Le tempo change et s’anime (poco più animato). Le galop se construit en trois étapes comme pour faire écho à la narration de Bürger, en illustrant les trois personnages rencontrés : le paysan, le berger et l’ermite.
Après une première chevauchée, un thème plus plaintif se fait entendre, figurant la conscience du comte lui suppliant de renoncer à sa chasse. Mais la course repart de plus belle, pour une deuxième chevauchée. À nouveau, le thème plaintif interrompt la course, en vain. Car le comte s’élance pour une troisième chevauchée, entrecoupée du thème de la conscience qui cherche à se faire entendre. Après un galop endiablé, l’ultime arrêt marque le point de non retour.

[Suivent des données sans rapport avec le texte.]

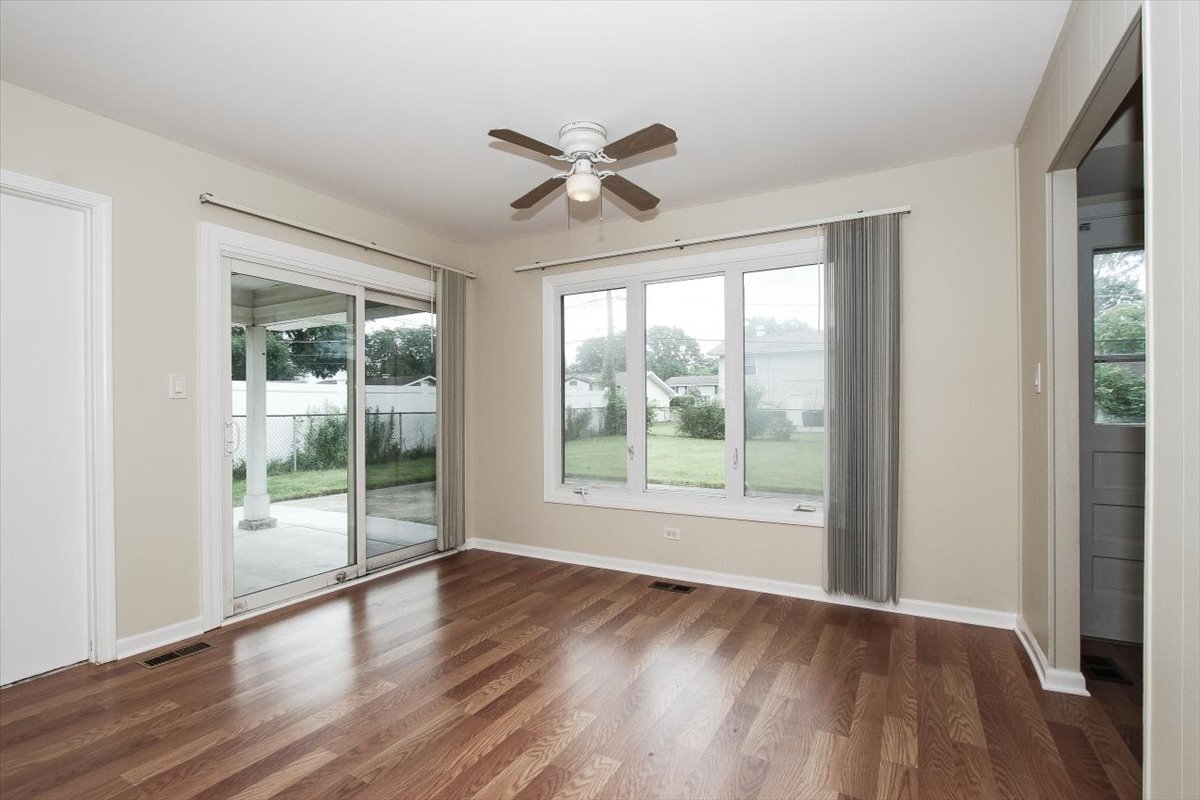 1475 Rosedale Lane Hoffman Estates, IL 60169 - Photo 6 of 25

Le schéma de chacune de ces sections est semblable : le discours s’intensifie pour atteindre un point culminant en tutti d’orchestre joué fortissimo sur le rythme de la chevauchée. À chaque nouvelle section, le ton monte vers l’aigu (sol, puis si, puis mib) tandis que la tension dramatique augmente.
La course effrénée s’arrête, le tempo ralentit, poco meno vivo. Soudain le comte est seul ; son cheval ne veut plus avancer ; il souffle dans son cor ; et le cor ne résonne plus...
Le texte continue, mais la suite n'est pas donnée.